Saturday, June 16, 2012

Review: That's My Boy

I have spilled a lot of proverbial ink (most recently in my Jack and Jill review) about how I repeatedly hoodwink myself into watching Adam Sandler movies.  I estimate that I have sworn off Happy Madison productions at least ten times.  So when Sandler’s latest movie That’s My Boy dropped, I told myself to stay strong.  I knew at some point, I would see it (I admit as much in the June Movie Guide), but I didn’t want to shell out $15 to see this train wreck on the big screen.  I am here to report with mixed feelings that I caved in.

The movie is a complete mess, but that’s not to say there aren’t some very funny moments.  The plot is loosely based on the Mary Kay Letourneau story about an inappropriate student / teacher relationship that results in the birth of a son.  Adam Sandler plays the student some 30 years later and Andy Samberg the estranged son.  Sprinkle in some elements of childhood stardom, 80’s nostalgia, the usual slew of celebrity cameos, and the grotesque shattering of social norms and you pretty much get an idea of what’s going on in the film.

My expectations for Sandler’s movies are so low that it could have been two hours of a blank screen and I probably would have considered that an improvement so that may be a contributing factor as to why I didn’t completely loathe the film.  The one thing that is clearly happening in this project is that Sandler and his crew are trying to go bigger and badder in the raunch department in an attempt to capitalize on the increased popularity of the rated-R comedy.  The result is a slew of cringe-worthy moments flanked by the occasional laugh-out-loud moment (the latter of which has been painfully absent from his last five films).

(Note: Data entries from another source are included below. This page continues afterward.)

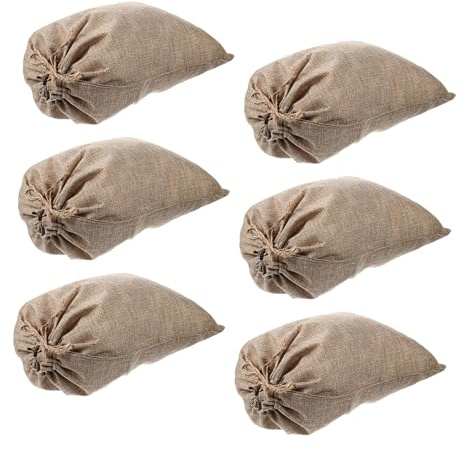 SUPVOX Sacchetti in Juta Beige Coulisse 6 Pezzi 20x30 Cm Riutilizzabili Traspiranti per Conservazione di Alimenti e Verdure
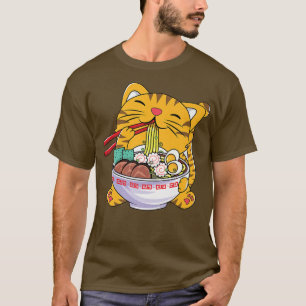 Camiseta Ramen Cat Kawaii Cat Ramen Noodles Amantes Gatos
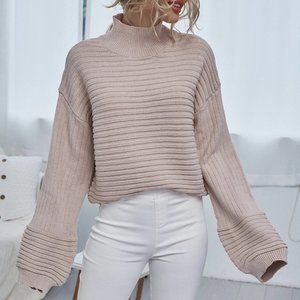 High Neck Drop Shoulder Rib-knit Sweater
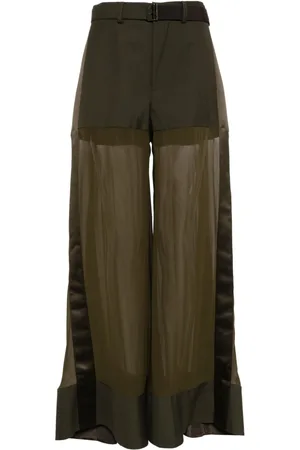 SACAI Pantaloni a vita alta in seta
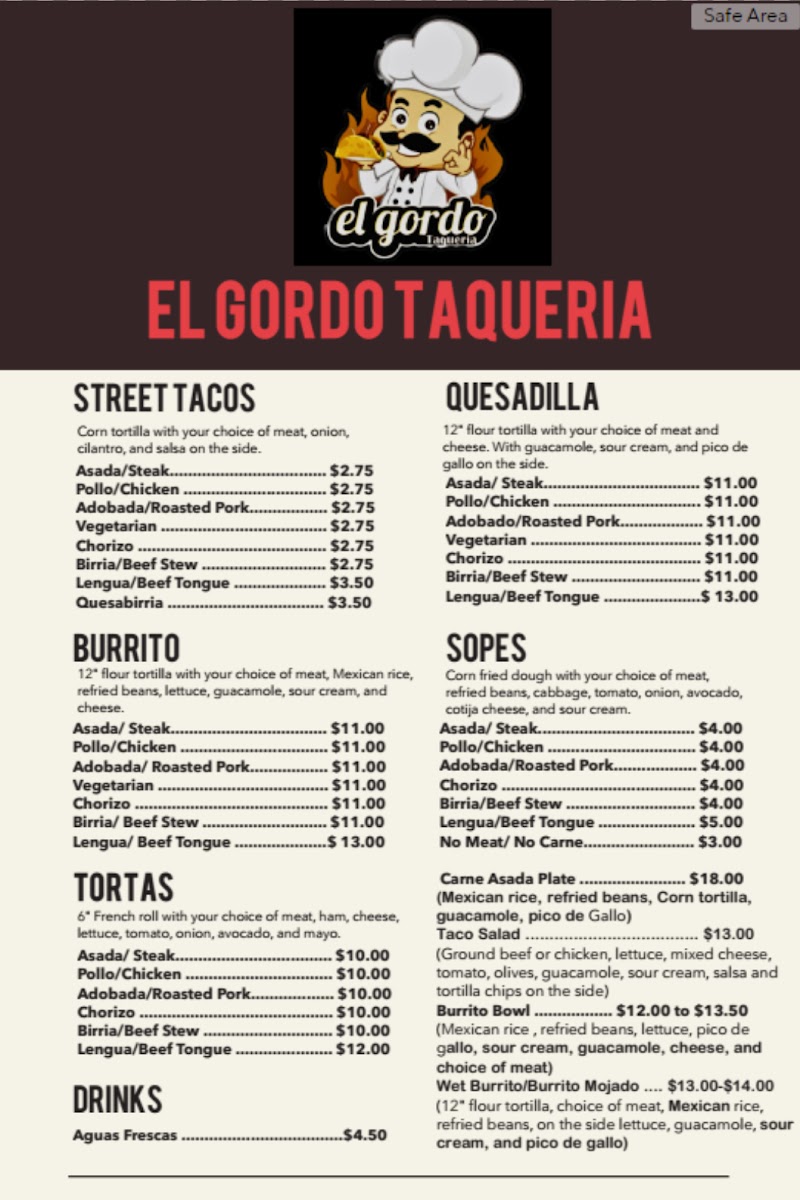 El Gordo Taqueria Photo Menu 1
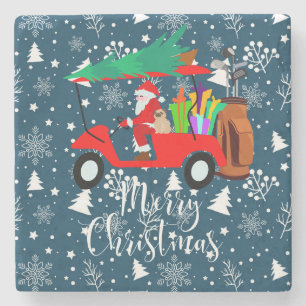 Dessous-de-verre En Pierre Golf noël Santa Claus équitation voiturette golf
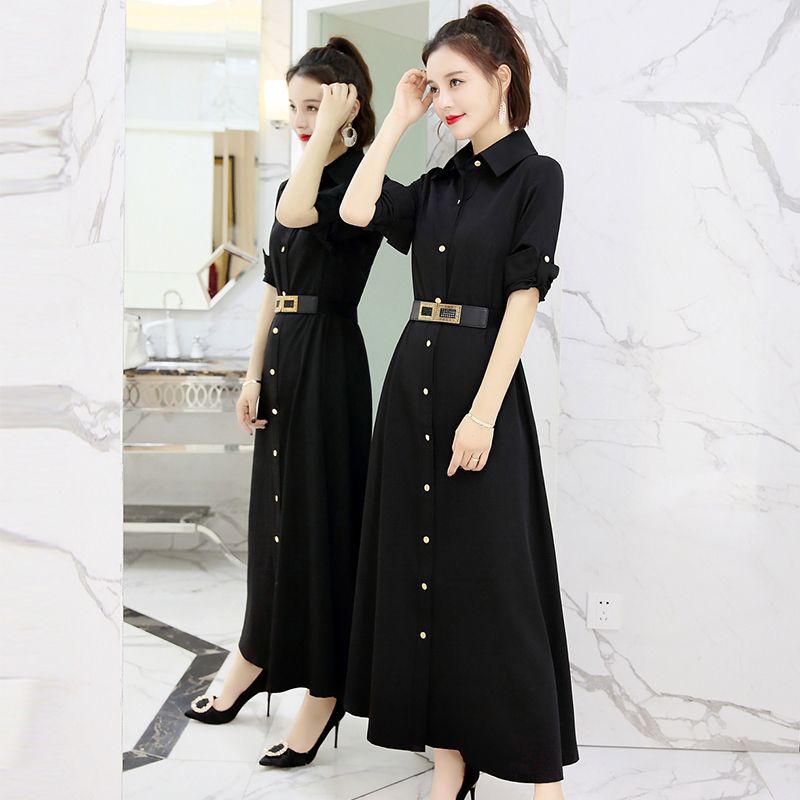 Đầm Sơ Mi Tay Dài Dáng Ôm Màu Đen / Đỏ Thời Trang Xuân Thu Xinh Xắn Cho Nữ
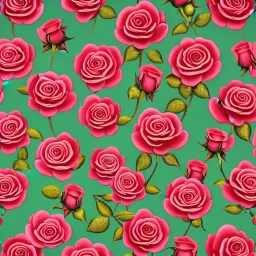 a highly detailed painting of Ecuador Roses, seamless pattern, pop surrealism, high resolution, oil on canvas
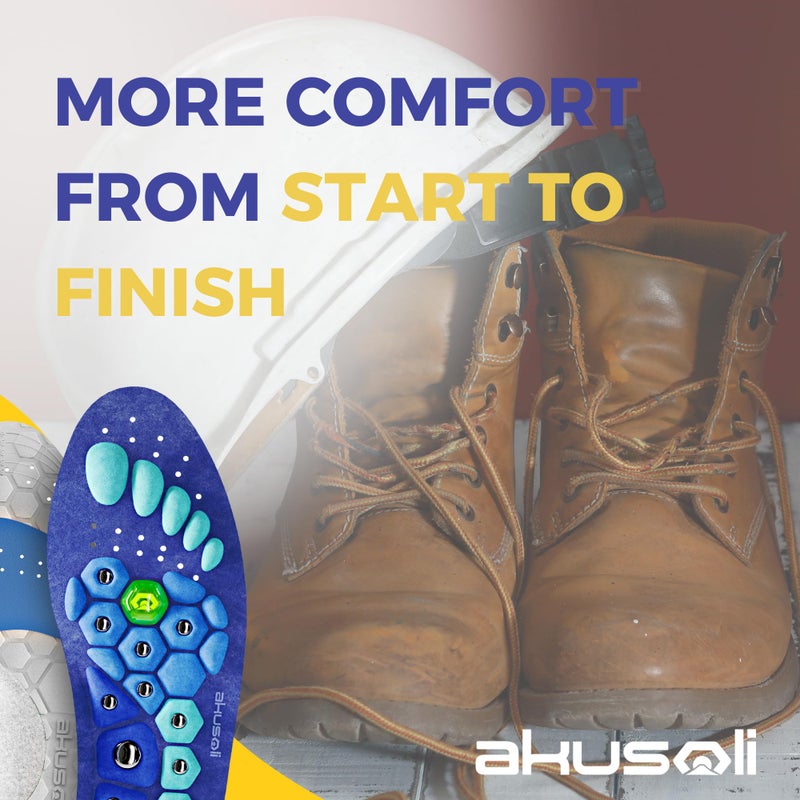 Akusoli Insoles for Men, Work Boots Mens Insoles, Shock Absorbing Inserts, Flat Feet Support, Magnetic Insole Women Standing All Day, Plantillas para Botas de Trabajo, Mens Gifts L/XL W 10â€“12 M 8â€“13 - Image 4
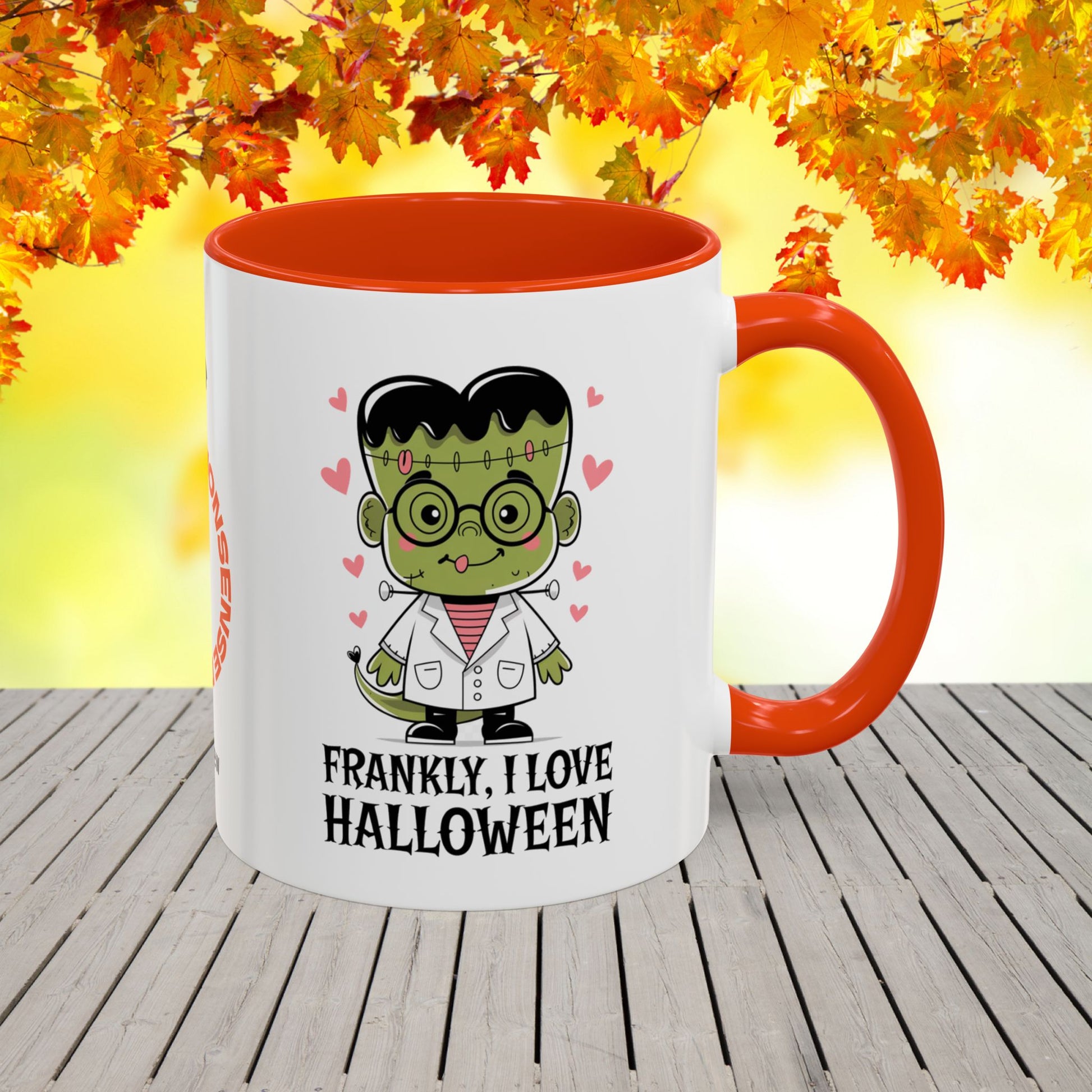 Frankly, I Love Halloween Mug -custom coffee cup for fun Halloween & cozy fall vibes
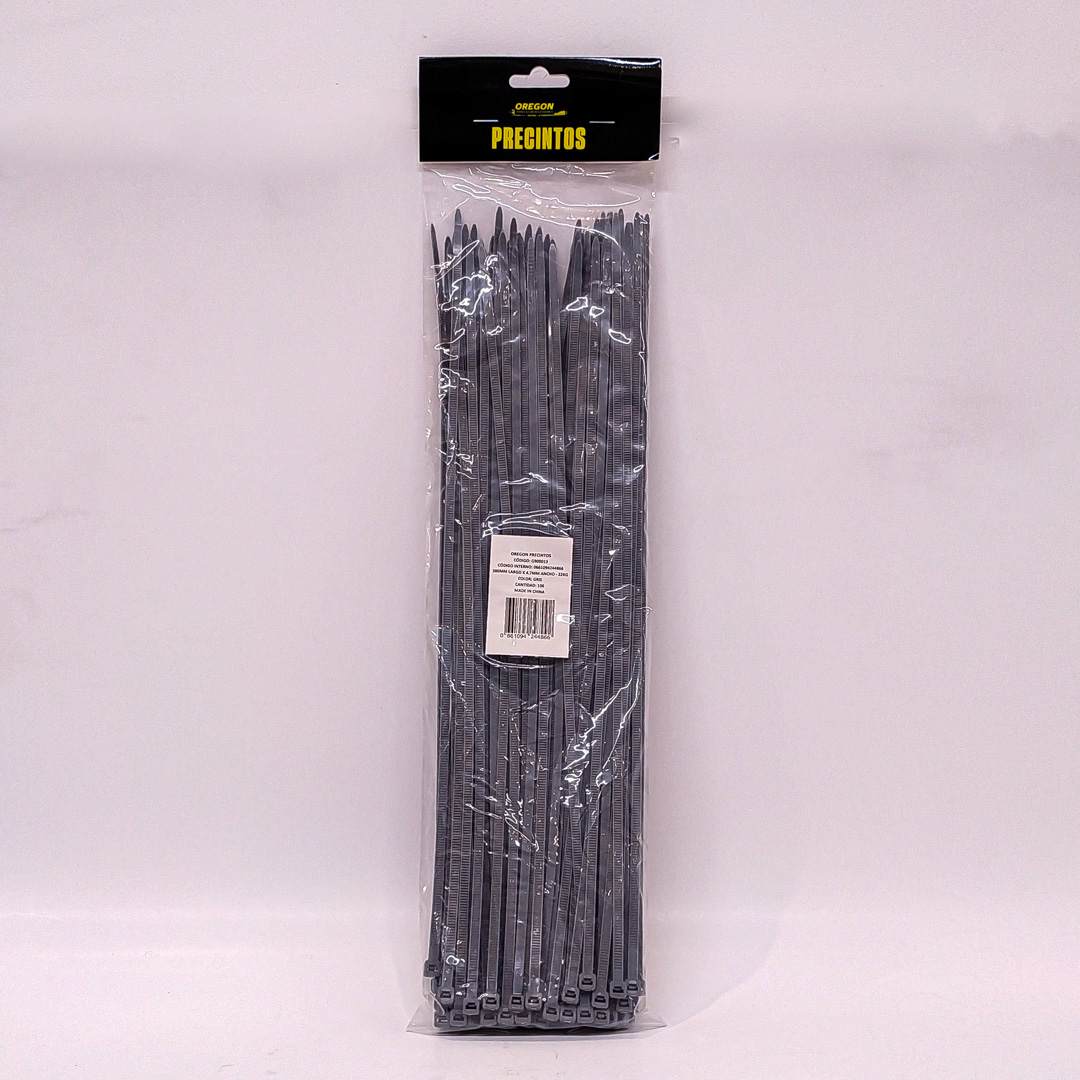 BOLSA DE PRECINTOS (100 UNIDADES) 380MM LARGO X 4.7MM ANCHO - 22KG COLOR GRIS CANTIDAD POR CAJA MASTER 100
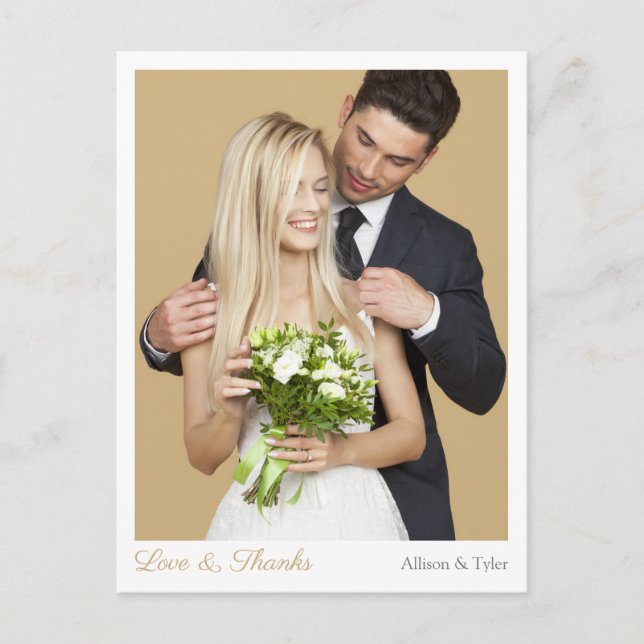Cartão Postal Casamento Agradecimento, Foto, Nomes e Mensagens (Frente)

The cast of the film is mediocre and Sandler is up front and leading the way.  He seems resigned to using the scratchy rumbling voice inflection from Little Nicky, which can be incredibly grating on the nerves.  Samberg compliments him with an uninspired performance that makes one wonder if he should really be leaving SNL at this point in his career.  As for Leighton Meester, her greatest acting talent is bearing a strong resemblance to Minka Kelly, which is to say that she is not the most gifted thespian and so she adds very little to the film.  Those with minimal screen time deliver the best performances.  Eva Amurri Martino, James Caan, Tony Orlando, and Milo Ventimiglia are very solid in supporting roles and Vanilla Ice (Rob Van Winkle) steals the show.

I can’t outright recommend this film, but there is some entertainment here.  You will find yourself oscillating between liking it and loathing it depending on the scene.  It really is one of those movies you’re almost embarrassed to say that you enjoyed on some level.  Don’t see it in the cinema, but instead catch it as a rental or on cable.  You’ll have a laugh or two (and likewise a gag reflex or two).  I have a feeling that this movie will play very well for the 18-25 male demographic, but then I think we all can occasionally enjoy a bit of low low low-brow idiotic hijinks.  After reading this review, if you are still trying to figure out whether or not I liked this film, then join the club.  I am still trying to decide myself.

Standout Performance: Vanilla Ice a.k.a. Rob Van Winkle steals the show in this movie.  Every time he shows up on screen utter bedlam breaks out.